TASK ITEM ->
Take the lines below between the one holding "Low angle view" and the one holding "Attractive woman gymnast", inclusive, and copy them exactly. Add nothing.

RECORDS TO PROCESS ->
======

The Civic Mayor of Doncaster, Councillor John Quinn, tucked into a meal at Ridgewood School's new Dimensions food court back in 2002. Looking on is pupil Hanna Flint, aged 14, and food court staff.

======

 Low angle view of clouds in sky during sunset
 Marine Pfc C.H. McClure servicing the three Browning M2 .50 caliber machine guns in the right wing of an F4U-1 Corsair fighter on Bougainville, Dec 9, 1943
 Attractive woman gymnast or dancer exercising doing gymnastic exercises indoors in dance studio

======

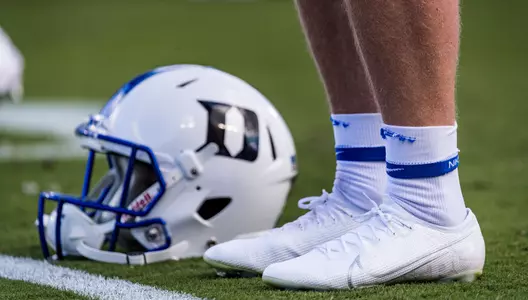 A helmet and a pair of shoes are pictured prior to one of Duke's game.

======

ANSWER SPACE ->
 Low angle view of clouds in sky during sunset
 Marine Pfc C.H. McClure servicing the three Browning M2 .50 caliber machine guns in the right wing of an F4U-1 Corsair fighter on Bougainville, Dec 9, 1943
 Attractive woman gymnast or dancer exercising doing gymnastic exercises indoors in dance studio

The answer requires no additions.